The SPSP president warned that insecurity has evolved into a heavy national burden that demands urgent, coordinated intervention from government, researchers, communities, traditional institutions, and peace practitioners.
“We are appealing to President Bola Ahmed Tinubu to work closely with peace professionals, researchers, and grassroots actors to help solve the insecurity confronting our nation,” he said, While acknowledging the government’s All-of-Government governance approach, he stressed that countries grappling with prolonged conflicts must adopt an All-of-Nation strategy to achieve lasting peace.
Awuapila expressed concern that Nigeria still lacks a national peace policy framework, 65 years after independence, describing the gap as a major hindrance to coordinated peacebuilding.
“It is troubling that Nigeria, at 65, does not yet have a national peace policy framework.

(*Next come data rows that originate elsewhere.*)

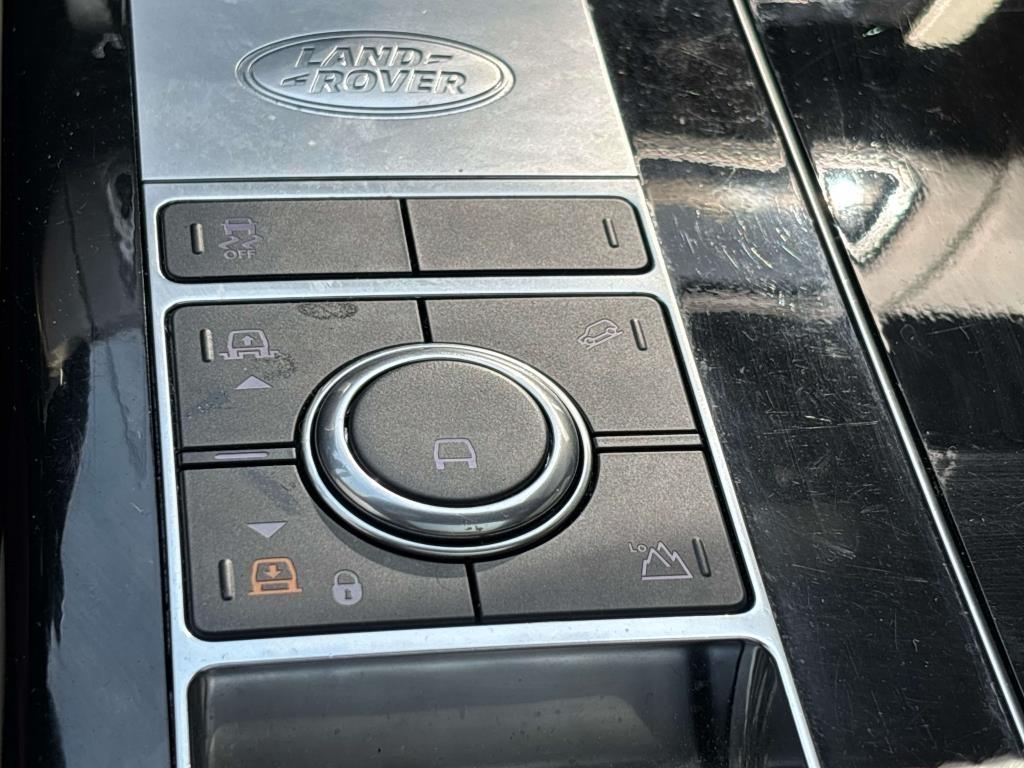 Land Rover Range Rover V8 Supercharged LWB 2019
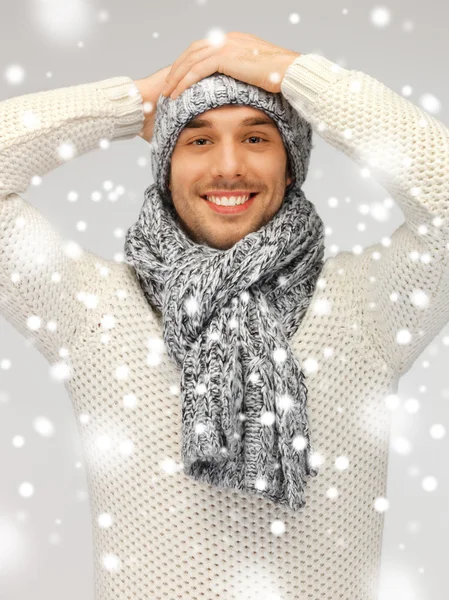 Hombre guapo en suéter caliente, sombrero y bufanda — Foto de Stock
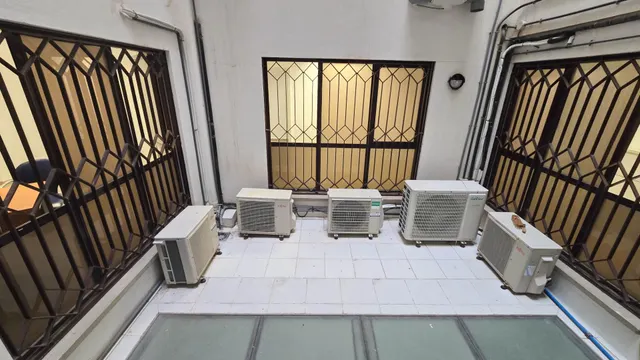Oficina reformada y amueblada de 128 m2 en el Edificio Peceño, en pleno centro de Santa Cruz de Tenerife — 10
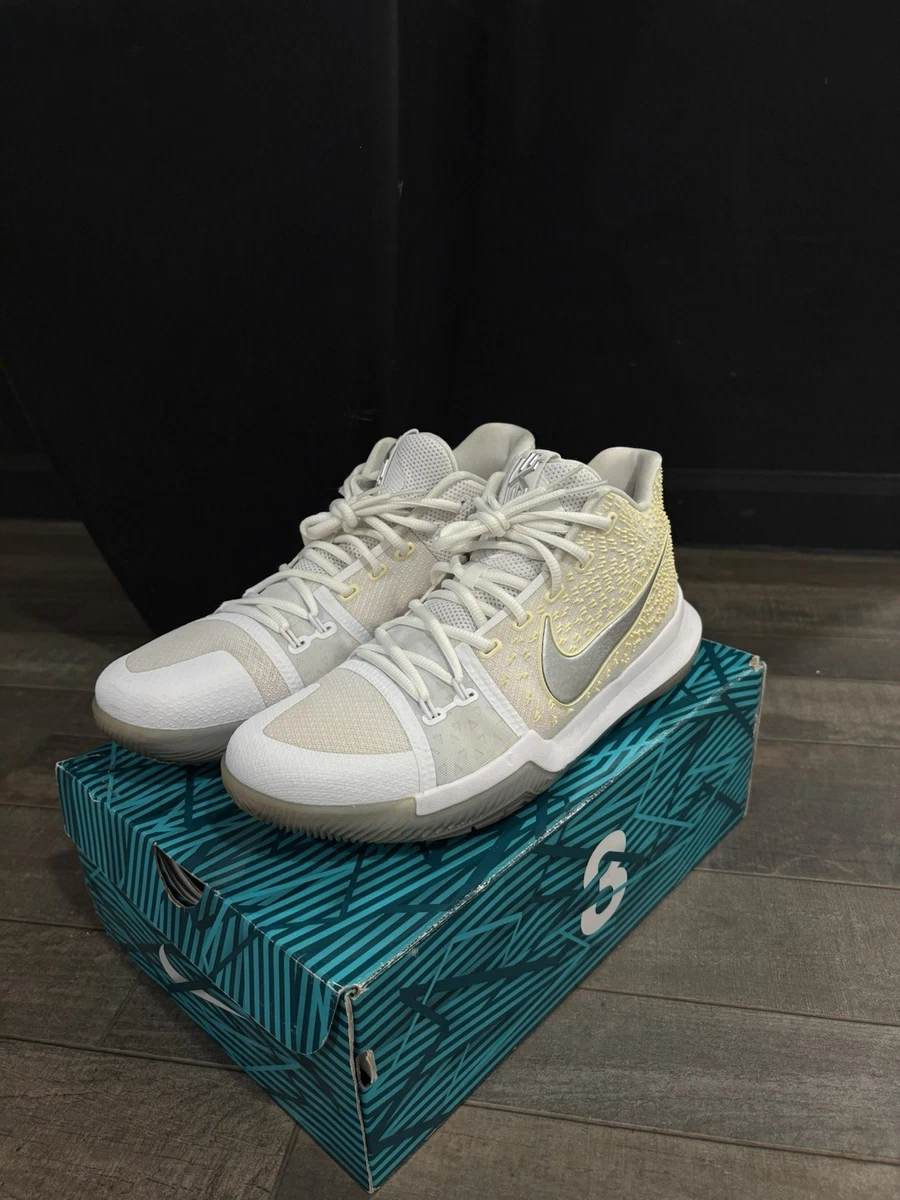 Nike Kyrie 3 White Chrome for Sale - Authenticity Guaranteed - eBay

A national peace policy was drafted more than 15 years ago, but it has remained only a draft. Without a guiding framework that reflects our current realities, peacebuilding becomes slow, fragmented, and reactive,” he said.
He urged the federal government to urgently formulate, adopt and implement a national peace architecture that aligns institutions, actors, and communities toward a shared vision of stability.

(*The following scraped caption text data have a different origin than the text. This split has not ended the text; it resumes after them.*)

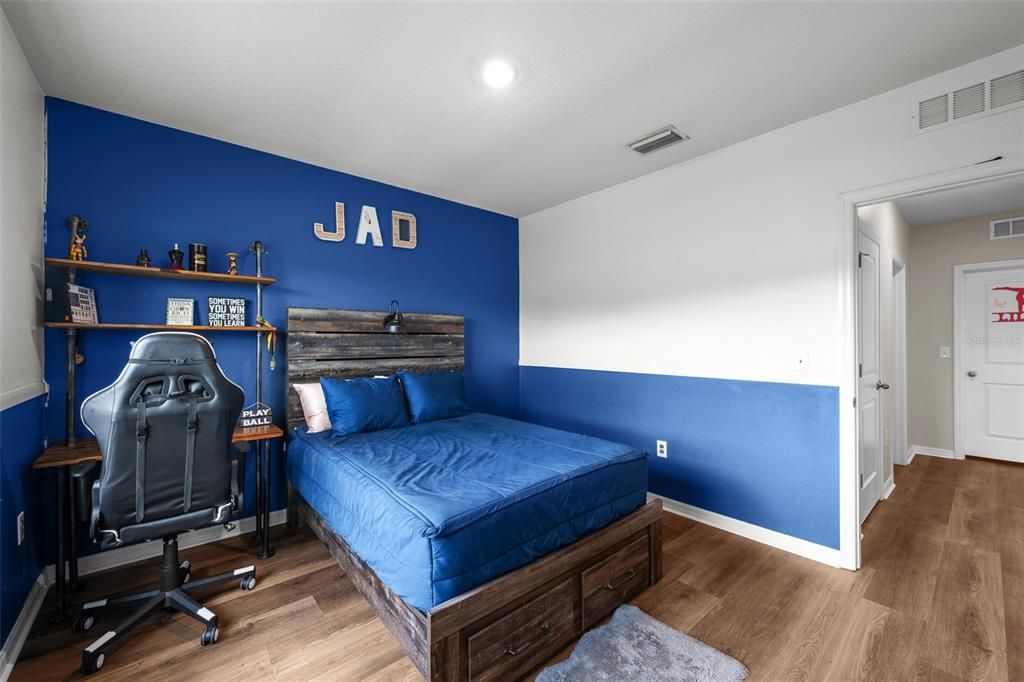 В аренду: $3,600 (5 спален, 3 ванн, 2605 Квадратных фут)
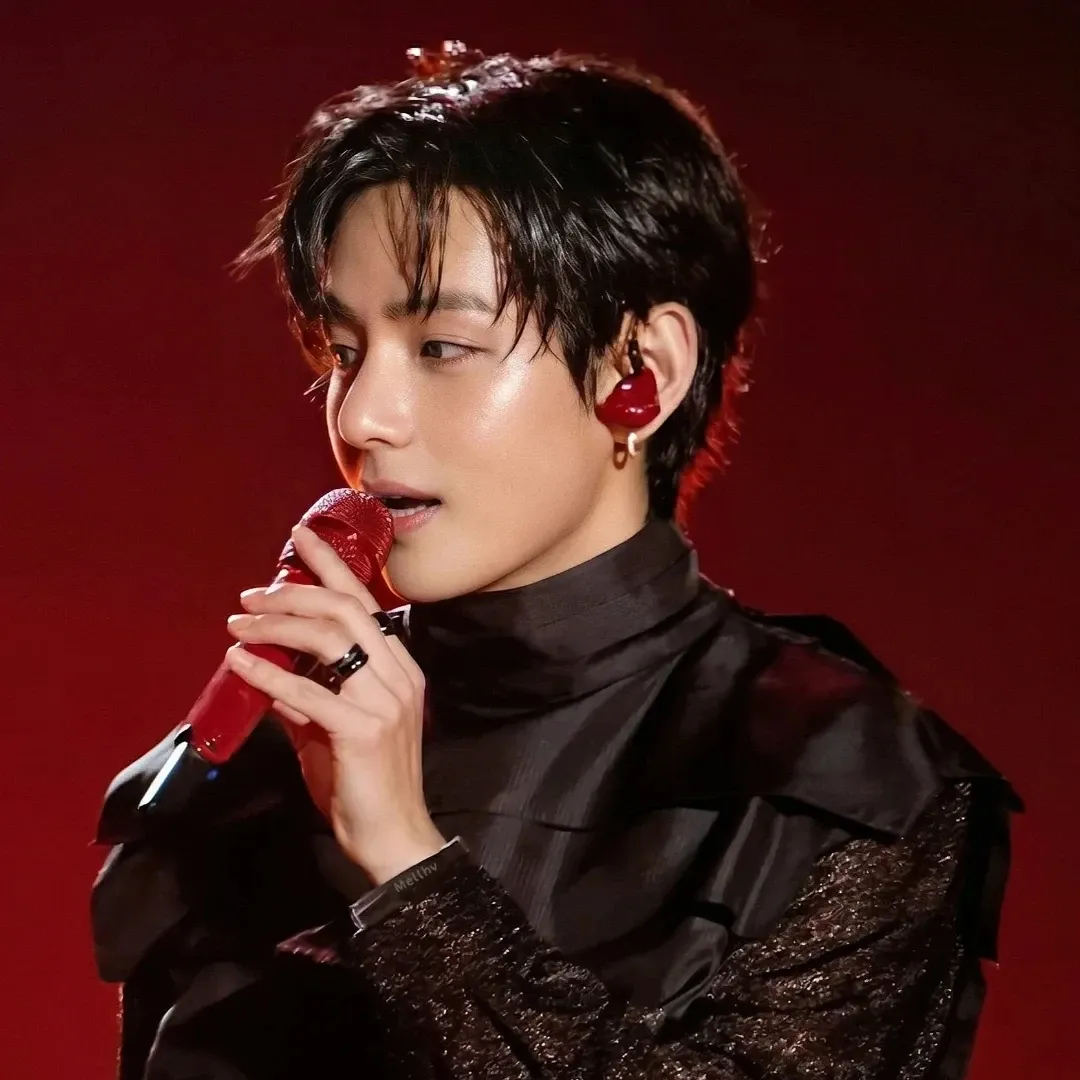 Latest photo of V (BTS)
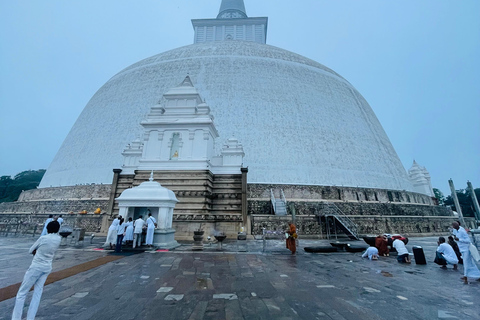 Explore Sri Lanka in 4 Days – Culture, Nature & Adventure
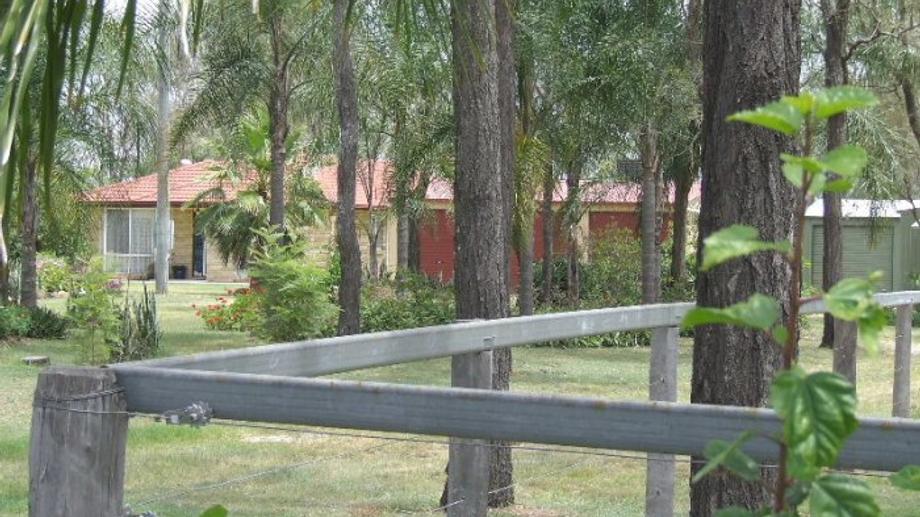 897 Clarendon Road Clarendon QLD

He highlighted SPSP’s contributions over the past 19 years, emphasising its role in conducting research, facilitating dialogue, supporting conflict prevention, and providing policy guidance—efforts which position the Society as a key partner in strengthening Nigeria’s internal peace architecture.
A major highlight of the ceremony was the induction of 40 new Fellows of SPSP, drawn from security agencies, academia, government institutions, and the humanitarian sector. Their fellowship investiture underscores the Society’s expanding influence and its central role in shaping Nigeria’s peace and development agenda.
Speakers at the conference examined the nexus between Nigeria’s economic challenges and growing insecurity, warning that the nation’s development goals may remain elusive without strategic, well-coordinated efforts to promote peace at all levels of society.